▶ [Requirement]: Take the data below and repeat it exactly.

▶ [Dataset extract]:
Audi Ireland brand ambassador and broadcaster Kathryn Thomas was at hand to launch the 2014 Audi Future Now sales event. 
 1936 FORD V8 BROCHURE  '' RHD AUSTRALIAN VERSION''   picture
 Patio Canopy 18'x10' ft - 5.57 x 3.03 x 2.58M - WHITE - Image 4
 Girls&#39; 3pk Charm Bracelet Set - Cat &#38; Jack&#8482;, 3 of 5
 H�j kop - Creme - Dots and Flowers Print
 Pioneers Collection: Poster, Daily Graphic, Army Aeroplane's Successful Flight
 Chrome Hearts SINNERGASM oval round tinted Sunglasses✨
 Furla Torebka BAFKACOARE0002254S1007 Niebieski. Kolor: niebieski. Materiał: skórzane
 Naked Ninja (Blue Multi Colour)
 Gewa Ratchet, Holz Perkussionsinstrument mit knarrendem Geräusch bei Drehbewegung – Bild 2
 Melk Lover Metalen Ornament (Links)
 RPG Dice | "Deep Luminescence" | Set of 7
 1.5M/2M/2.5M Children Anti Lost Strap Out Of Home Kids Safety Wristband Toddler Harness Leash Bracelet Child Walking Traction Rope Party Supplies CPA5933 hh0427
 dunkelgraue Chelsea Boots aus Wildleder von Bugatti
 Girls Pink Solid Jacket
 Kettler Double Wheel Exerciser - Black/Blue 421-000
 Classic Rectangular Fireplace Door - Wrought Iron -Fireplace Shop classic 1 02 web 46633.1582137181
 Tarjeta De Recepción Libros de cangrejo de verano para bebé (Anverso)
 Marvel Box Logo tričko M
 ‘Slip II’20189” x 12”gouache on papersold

▶ [Reply to the task]:
Audi Ireland brand ambassador and broadcaster Kathryn Thomas was at hand to launch the 2014 Audi Future Now sales event. 
 1936 FORD V8 BROCHURE  '' RHD AUSTRALIAN VERSION''   picture
 Patio Canopy 18'x10' ft - 5.57 x 3.03 x 2.58M - WHITE - Image 4
 Girls&#39; 3pk Charm Bracelet Set - Cat &#38; Jack&#8482;, 3 of 5
 H�j kop - Creme - Dots and Flowers Print
 Pioneers Collection: Poster, Daily Graphic, Army Aeroplane's Successful Flight
 Chrome Hearts SINNERGASM oval round tinted Sunglasses✨
 Furla Torebka BAFKACOARE0002254S1007 Niebieski. Kolor: niebieski. Materiał: skórzane
 Naked Ninja (Blue Multi Colour)
 Gewa Ratchet, Holz Perkussionsinstrument mit knarrendem Geräusch bei Drehbewegung – Bild 2
 Melk Lover Metalen Ornament (Links)
 RPG Dice | "Deep Luminescence" | Set of 7
 1.5M/2M/2.5M Children Anti Lost Strap Out Of Home Kids Safety Wristband Toddler Harness Leash Bracelet Child Walking Traction Rope Party Supplies CPA5933 hh0427
 dunkelgraue Chelsea Boots aus Wildleder von Bugatti
 Girls Pink Solid Jacket
 Kettler Double Wheel Exerciser - Black/Blue 421-000
 Classic Rectangular Fireplace Door - Wrought Iron -Fireplace Shop classic 1 02 web 46633.1582137181
 Tarjeta De Recepción Libros de cangrejo de verano para bebé (Anverso)
 Marvel Box Logo tričko M
 ‘Slip II’20189” x 12”gouache on papersold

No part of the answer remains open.